AFI Fest 2025: Day Two
Kontinental ’25 (Radu Jude): 50
Oh good, an opportunity to make myself look like an unfeeling asshole. I just don’t think this film’s protagonist (beautifully played by Eszter Tompa, who I see had a small role in The Duke of Burgundy as one of Evelyn’s fellow lepidopterists) merits the dry scorn Jude heaps upon her. Some (many) social problems are genuinely intractable, and pretending otherwise accomplishes very little; in this case, Orsolya fought to get the homeless man a month-long extension from eviction, arranged to have him accepted at a shelter, hired a van to move his belongings (“Where?” is admittedly a fair question, but that’s what the extra month was for), and then felt wracked by guilt at what happened despite her efforts. Not good enough, the movie implicitly insists, though it’s unclear to me that things would improve for Cluj’s homeless population if Orsolya quit her job (which seems to be what we’re meant to think she ought to have done—or simply not accepted the job to begin with), likely to be replaced by someone less compassionate, or whether allowing people to inhabit basement boiler rooms indefinitely is a viable solution.
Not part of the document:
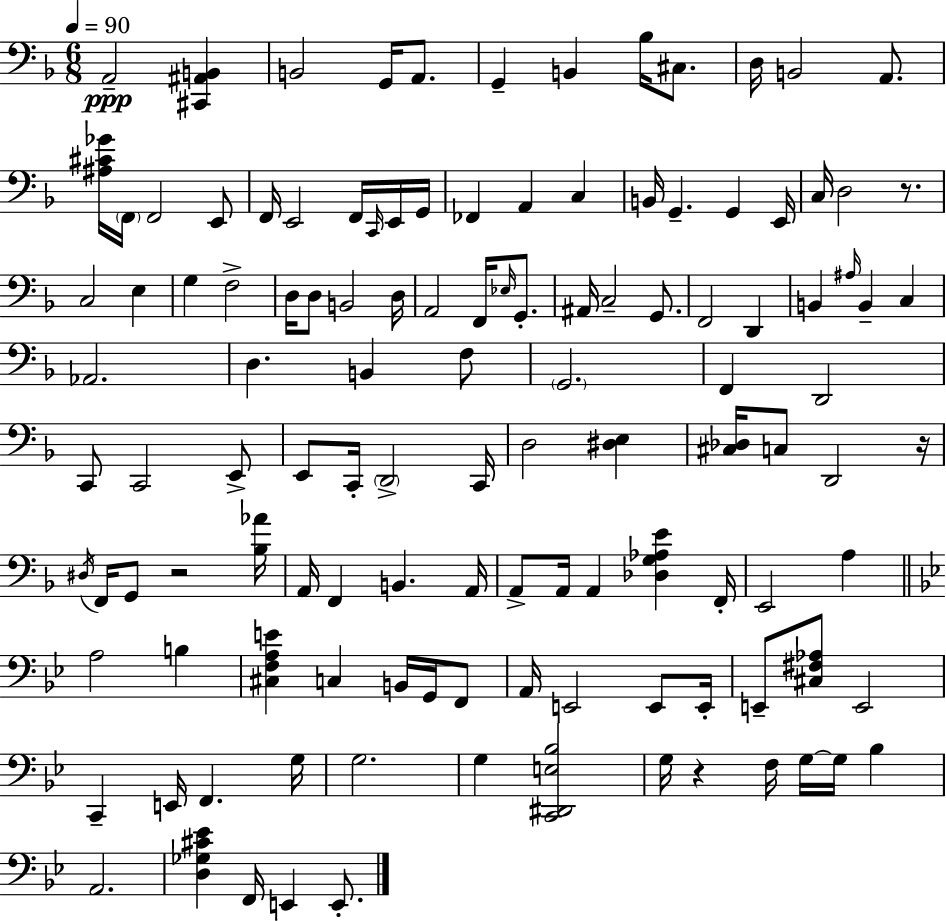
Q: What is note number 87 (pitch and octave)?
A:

When someone refuses the help offered to them, what then? I don’t believe that’s so morally clear-cut as Kontinental ’25 claims. Jude’s eye for absurdity remains exemplary (the dinosaur park!), and he doesn’t browbeat, which is why I keep using words like “dry” and “implicitly.” But this still felt to me like Bluesky’s most obnoxious leftists pouncing on anyone who says they did X and querulously demanding to know why they didn’t also do Y and Z and let’s circle around to the beginning of the alphabet and keep going.
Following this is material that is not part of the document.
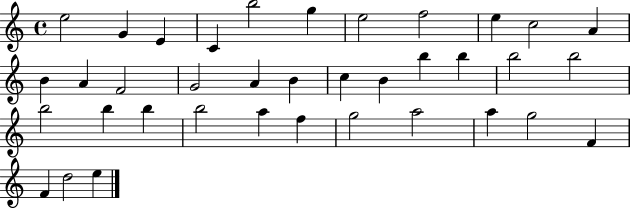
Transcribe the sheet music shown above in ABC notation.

Young Mothers (Jean-Pierre & Luc Dardenne): 42
Here’s a reference virtually nobody will appreciate: Remember when Jocelyn Moorhouse followed up Proof with How to Make an American Quilt? Maybe Van Sant signing onto Good Will Hunting is a better corollary, even if this film reminded me much more strongly of Quilt. In any case, it’s dispiriting to see the Dardennes abandon their strengths (however weak those have been over the past decade) and create something that’s distinguishable from a Lifetime movie only in form, not at all in content. Young Mothers builds an ensemble story around four teens who’ve either recently given birth or are about to do so, all occupying the same maternity shelter, each with her own designated Issue: There’s the one who was given up for adoption and remains traumatized by the abandonment, the one who wants to give her baby up to be adopted but has a nightmare mom who insists otherwise, the one who’s terrified to be a single mom after the baby’s (also teenage) father bails, and the one who’s a recovering drug addict prone to relapses. As ever, Jean-Pierre and Luc get fine performances from various non-pros, and they generate a little of the female solidarity in trying circumstances that made House of Pleasures so moving. But they don’t move among the four main characters with any grace (it’s a plodding, repetitive rhythm), and there’s precious little about Young Mothers that you can’t anticipate after the film’s first 15 minutes or so. I sometimes forget that they started out making documentaries; this feels like it really wanted to be one.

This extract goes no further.